Z2 qubit tapering is implemented in InQuanto by the inquanto.symmetry.TapererZ2 class. To taper an operator, symmetry operators and the symmetry sectors of a known reference state must be provided. Symmetry operators may be obtained from either the fermionic or qubit space; however, in the former case the operators must be mapped to qubit operators using the same fermion-to-qubit encoding scheme as the qubit operator. Once the TapererZ2 object is instantiated for a given set of symmetry operators and sectors, it may be used to find tapered operators and states as below. The object may be reused, if tapering multiple operators with the same symmetries is required.

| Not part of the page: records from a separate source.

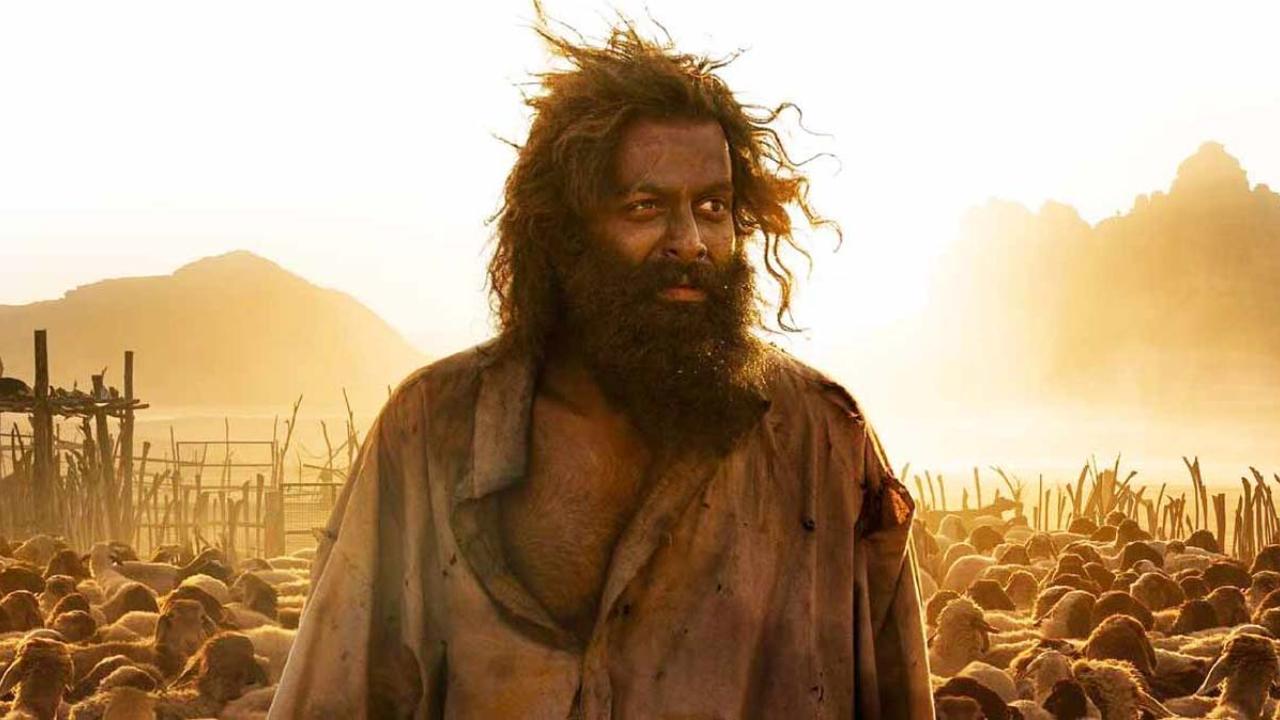 71st National Film Awards: Why Prithviraj's Aadujeevitham got snubbed?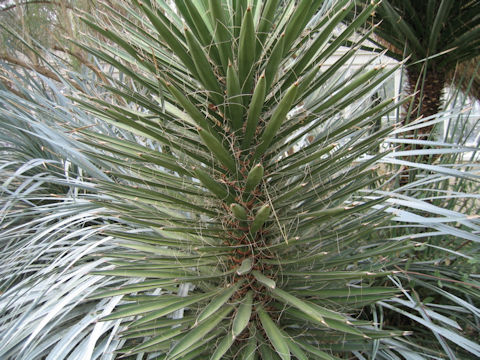 Yucca filifera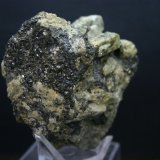 Augita (variedad fassaita) con pirrotina
53mm - 60mm - 40mm
(Autor: Pedro Naranjo)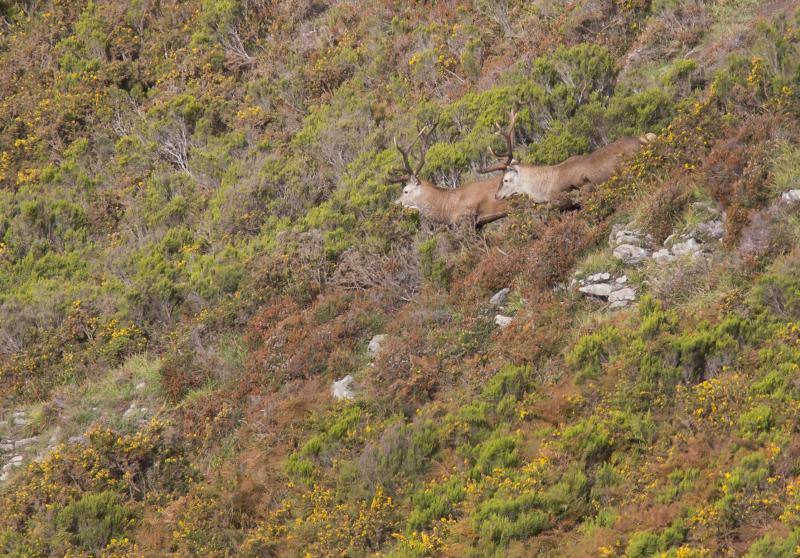 La berrea regresa a los montes asturianos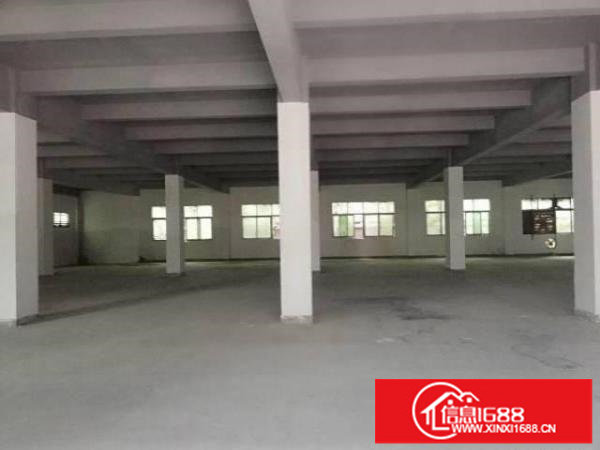 白鸽湖八百平带红本独门独院厂房出租一百分租整租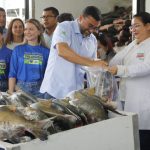 Distribuição de 470 toneladas de pescado alcança milhares de famílias no Amazonas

from inquanto.symmetry import TapererZ2
hf_state = QubitState([1,1,0,0])
symmetry_sectors = [x.symmetry_sector(hf_state) for x in symmetry_operators_qubit]

taperer = TapererZ2(symmetry_operators_qubit, symmetry_sectors)
tapered_hamiltonian = taperer.tapered_operator(h2_hamiltonian)
print(tapered_hamiltonian)

(-0.29264467227722657, I0), (0.8248612119271042, Z0), (0.17966867956301552, X0)

Note that if using a tapered Hamiltonian in a variational algorithm, the ansatz state must also be tapered. This is performed using additional functionality of the ansatz classes.

from inquanto.ansatzes import FermionSpaceAnsatzUCCSD
from inquanto.states import FermionState
reference_state = FermionState([1,1,0,0])
ansatz = FermionSpaceAnsatzUCCSD(
fermion_space,
reference_state,
taperer=taperer,
tapering_exponent_check_behavior="discard",
)

Tip

For this to work, ansatz excitations must preserve symmetry. By default, FermionSpaceAnsatzUCCSD will check for symmetry violating excitations and throw an error if any are found. This behavior can be changed using the tapering_exponent_check_behavior parameter, which is described in the API reference documentation for FermionSpaceStateExp, the base class of FermionSpaceAnsatzUCCSD.

Tip

Note that in the example above, taperer and tapering_exponent_check_behavior are passed as **kwargs to FermionSpaceAnsatzUCCSD as it doesn’t have them as positional parameters. These are forwarded to its parent FermionSpaceStateExp class which handles the tapering.